Hi,
I recently migrated my development environment. Before migration, things were working fine. But since migration, I am unable to compile executable and DLLs with expected results. Even running simple vector addition example is returning zero.
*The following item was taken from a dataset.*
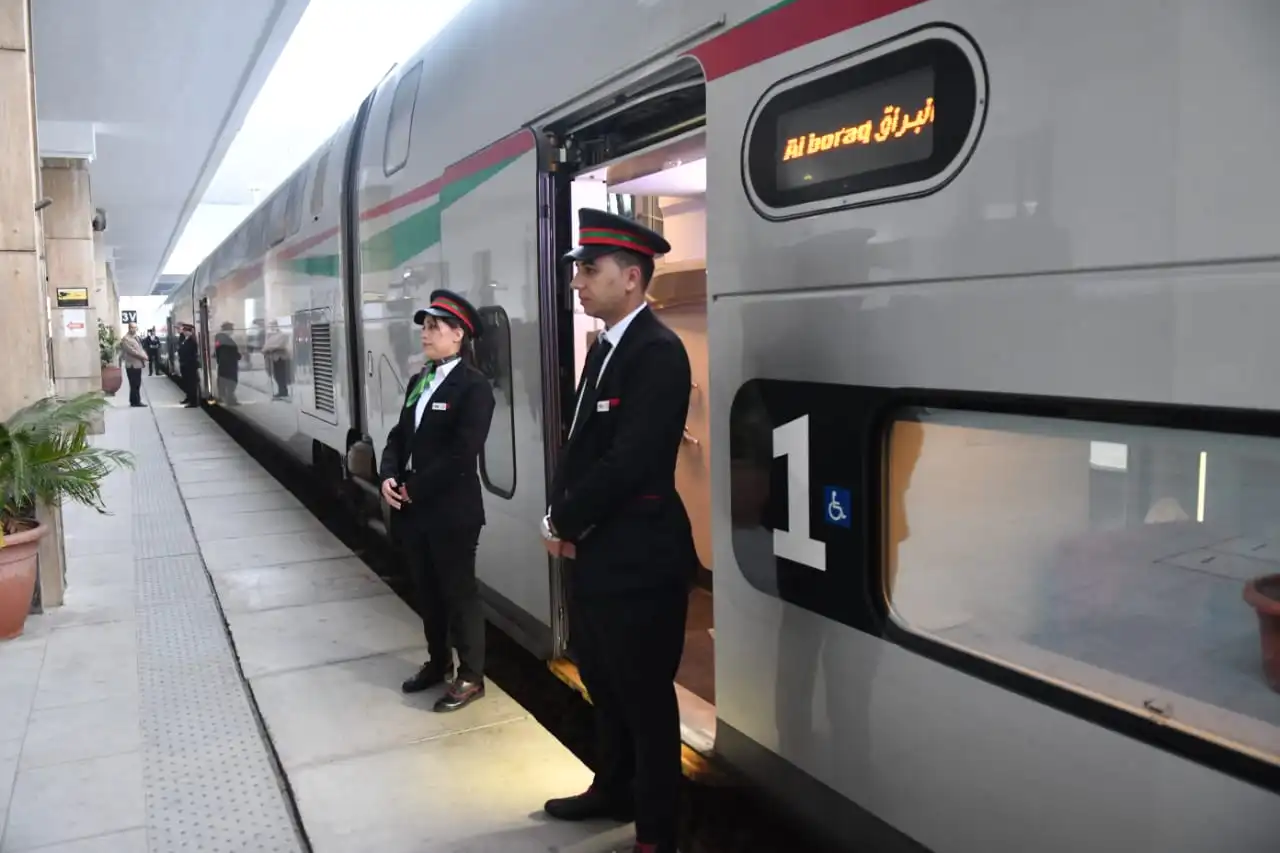 قطارات المغرب تسجّل رقما قياسيا في شهر واحد و”البُراق” يضاعف زبائنه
My old and new development environments are listed below.
Old env: Win 7, x64, CUDA 5.5 with VS2008 with Nsight 3.3 plugin, compilation setting for 32-bit
New env: Win 7, x64, CUDA 6.5 with VS2012 with Nsight 4.2 plugin, compilation setting for 32-bit
My GPU is NVIDIA GEFORCE 330M with the latest device drives that came with CUDA v6.5
The CUDA code that I am trying to compile into an executable is as follows.
#include <stdio.h>
#include <stdlib.h>
#include <math.h>
// CUDA kernel - add to vectors element by element
// pass result back in the first vector
__global__ void vecAdd(float *a, float *b, int n)
{
int tid = blockIdx.x*blockDim.x+threadIdx.x;
if (tid < n)
a[tid] = a[tid] + b[tid];
}
// simple test with only 4 elements
int main( int argc, char* argv[] )
{
// host data
float *h_a;
float *h_b;
// device data
float *d_a;
float *d_b;
size_t bytes = 4*sizeof(float);
// allocate memory on host
h_a = (float*)malloc(bytes);
h_b = (float*)malloc(bytes);
// allocate memory on gpu-device
cudaMalloc(&d_a, bytes);
cudaMalloc(&d_b, bytes);
// initialize host data to constants
for(int i = 0; i < 4; i++) {
h_a[i] = 0.1;
h_b[i] = 0.2;
}
// copy host data to gpu-device
cudaMemcpy( d_a, h_a, bytes, cudaMemcpyHostToDevice);
cudaMemcpy( d_b, h_b, bytes, cudaMemcpyHostToDevice);
printf("Before CUDA...\n");
for(int i=0; i<4; i++)
printf("a[%d]=%f\n",i,h_a[i]);
// Execute the kernel
vecAdd<<<1, 4>>>(d_a, d_b, 4);
// Copy array back to host
cudaMemcpy( h_a, d_a, bytes, cudaMemcpyDeviceToHost );
printf("After CUDA...\n");
for(int i=0; i<4; i++)
printf("a[%d]=%f\n",i,h_a[i]);
// Release device memory
cudaFree(d_a);
cudaFree(d_b);
// Release host memory
free(h_a);
free(h_b);
return 0;
}
The compilation is done on command prompt using the following command.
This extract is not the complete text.